Author: Bianca Moeschinger

May 2025


So often we speak of being present. Of landing in the moment. Of coming home to ourselves.

But how often does that truly happen?

For many of us, being in the body—in the now—is a rare occurrence. Most of the time, we’re in motion: mentally travelling to the past, projecting into the future, looping through what-ifs, should-haves, and imagined scenarios. Our minds become travellers—moving not only through time but across dimensions of truth, illusion, memory, and fantasy.

Meanwhile, our bodies are anchored in real time.
Breathing.
Beating.
Digesting.

Trying to manage a flood of chemistry and command signals from a mind that’s often elsewhere.

And so, what becomes real—what becomes physical—is only what lands. Only the parts of us that return from the mental, emotional, or energetic wandering and take shape in form. The breath we remember to take. The tear we allow to fall. The impulse we honour instead of override.

Why say all this?

Because this is what I do every day. My work—whether in emotional release bodywork or therapeutic space-holding—is essentially this: I hold someone’s hand long enough for them to find their way back to themselves. I create a pause. A space. A mirror. A moment.

Sometimes that moment comes through a single breath. Sometimes it takes months. And sometimes, that moment never comes at all—because the person has wandered so far out of themselves, their nervous system no longer recognises the path home.

But when it does come… it is nothing short of a homecoming.

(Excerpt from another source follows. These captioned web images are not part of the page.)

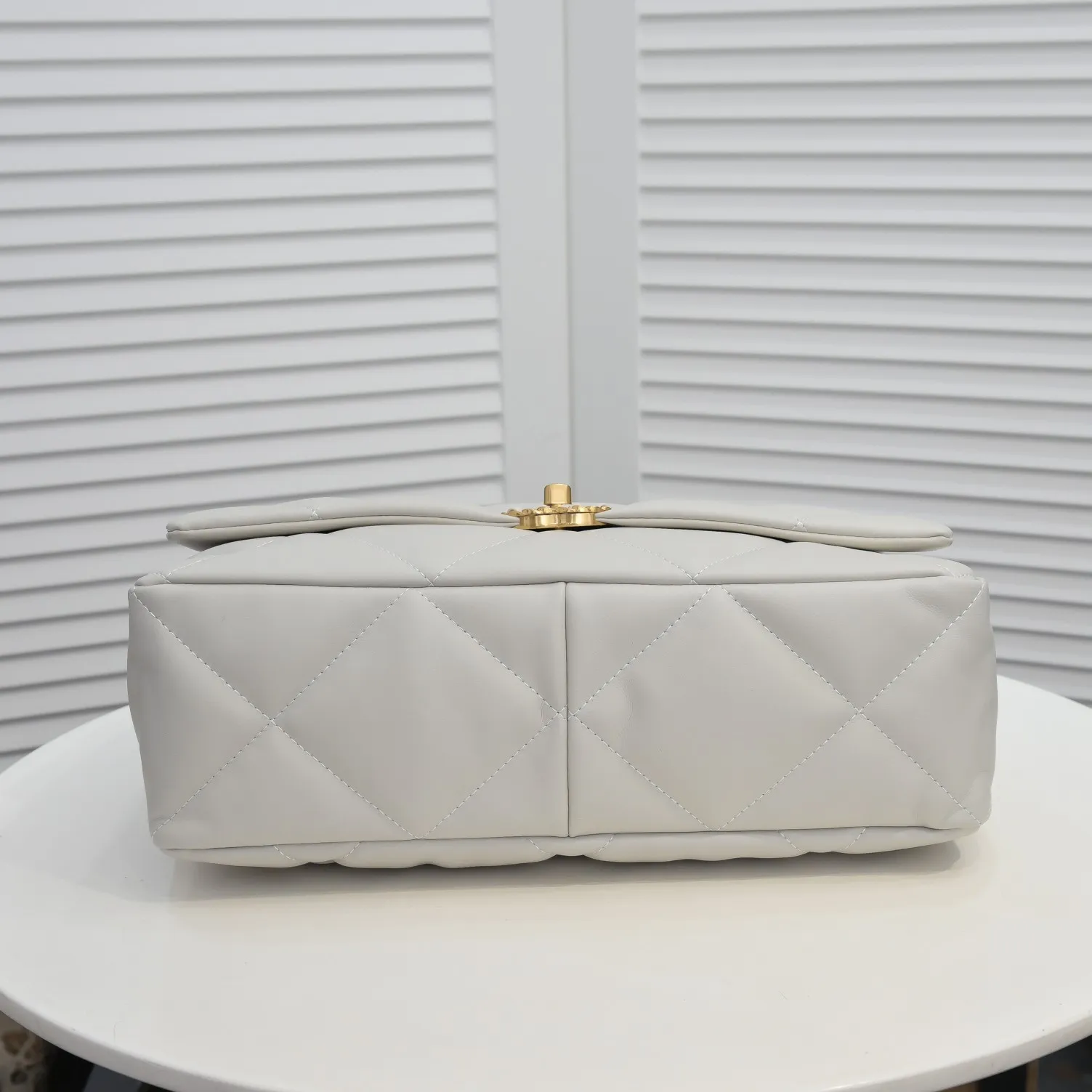 💰480￥The latest popular model of Chanel in off-white large size has been shipped📣📣Synchronized with counters🤭Imported cowhide🐂feels very soft. The upper body effect is super good, it can be carried by hand, on one shoulder or cross-body, showing the elegance and charm of women. Hurry up and get it. Style number: 9012. Size: 36*24*14cm.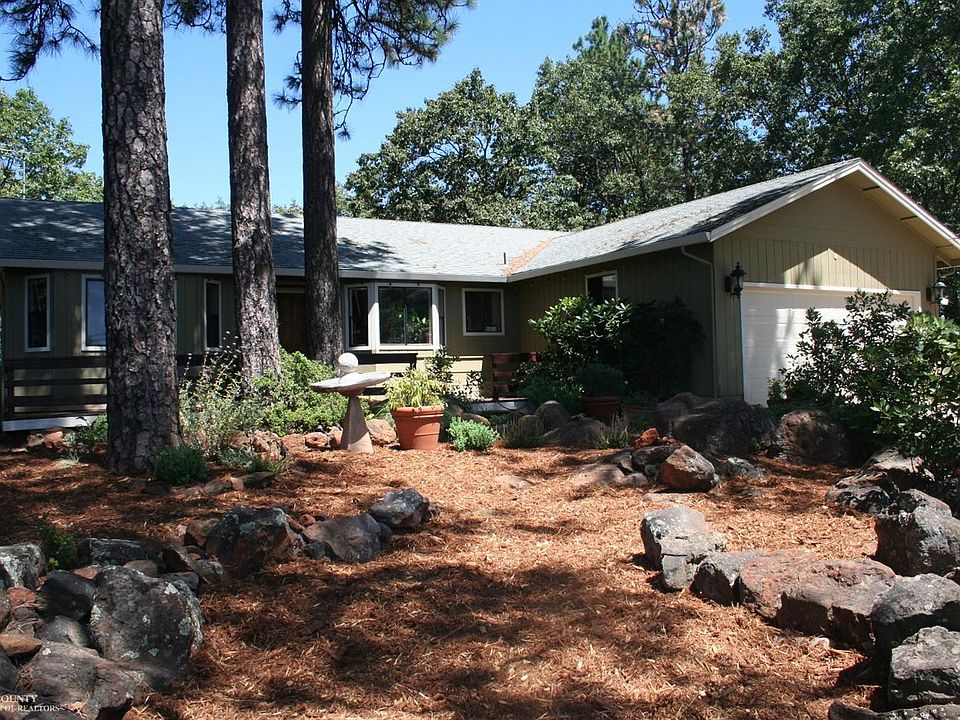 1st image of 16728 Lena Ct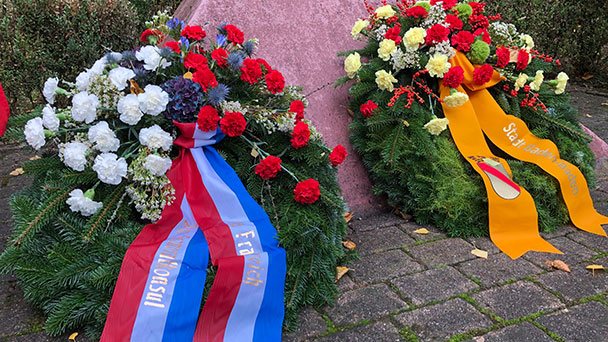 Gedenken an die schrecklichen Kriege – Baden-Badener OB und der Consul Général legten Kränze nieder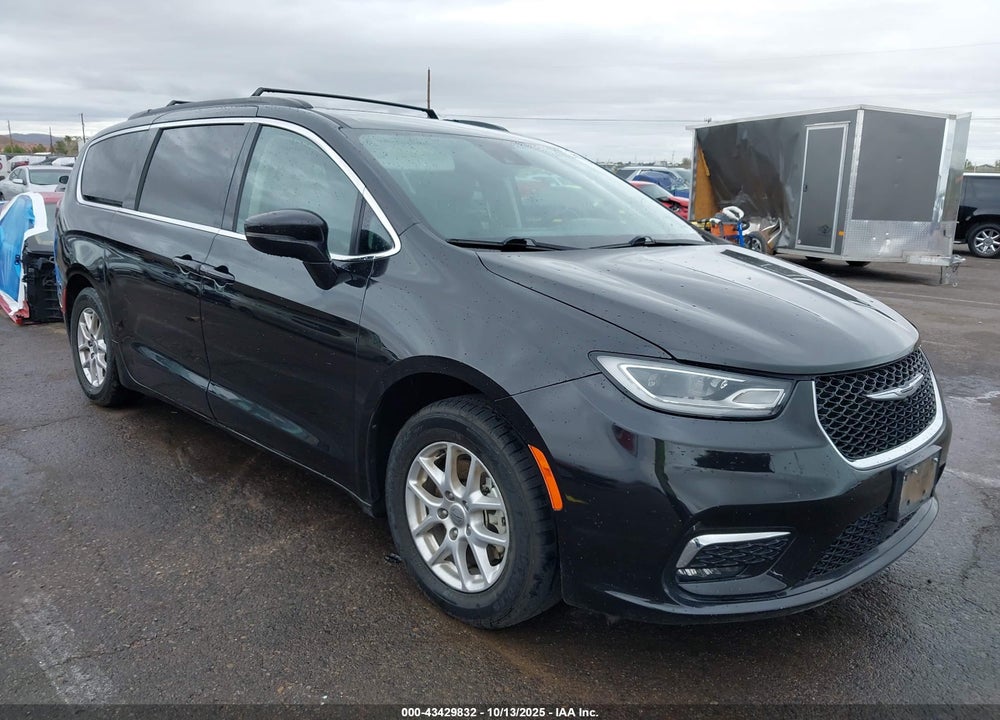 2022 CHRYSLER PACIFICA TOURING L VIN: 2C4RC1BG8NR188326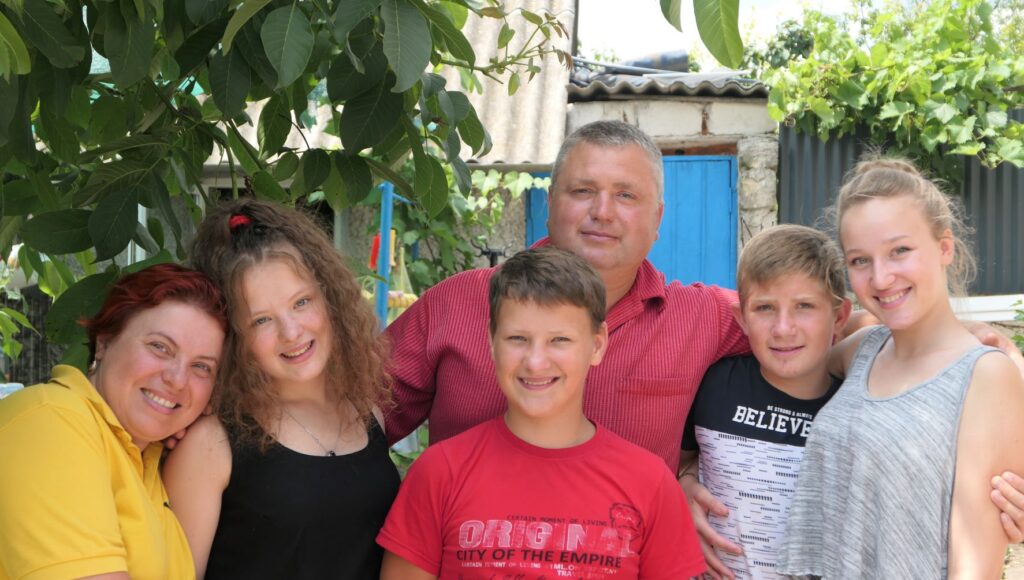 Moldovan foster parents with children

In a recent podcast, I spoke about the phrase “hurt people hurt people.” And while it’s true, there’s something deeper: hurt people also hurt themselves. Not always in visible ways. But in the ways they disconnect. The ways they silence their own needs. The ways they lose themselves in external influence, stimulation, or chaos—or the way they have forgotten how to listen to the quiet words of their inner self.

Sometimes, we travel so far out of ourselves, we forget the way back. And tragically, some never return.

The soul has its own light. Its own pulse of life. But it competes. It competes with a world overflowing with impressions, distractions, seductions. And while some of those stimulations are life-giving—colour, scent, taste, touch, sensuality—others offer an artificial high. A surface-level turn-on that mimics pleasure but leaves no nourishment.

So how do we know the difference?

Artificial pleasure is like sugar—fast, sweet, stimulating. It gives us a high, a quick hit, a fleeting sense of satisfaction. It lights us up, but only temporarily. It doesn’t settle in the body. It doesn’t land. It doesn’t nourish.

True pleasure, by contrast, is spice—warm, slow, full-bodied. It turns on every cell. It rises through the breath, melts through the belly, and sings in the skin. It doesn’t rush. It lingers. It fills. It sustains.

One leaves us seeking more. The other reminds us we already have enough.

For me, this is where psychosomatic awareness comes in. The body, in its wisdom, never lies. If something expands me, grounds me, nourishes me—I feel it in my belly, my breath, my chest. It doesn’t leave me depleted. It doesn’t rely on constant consumption. It lands.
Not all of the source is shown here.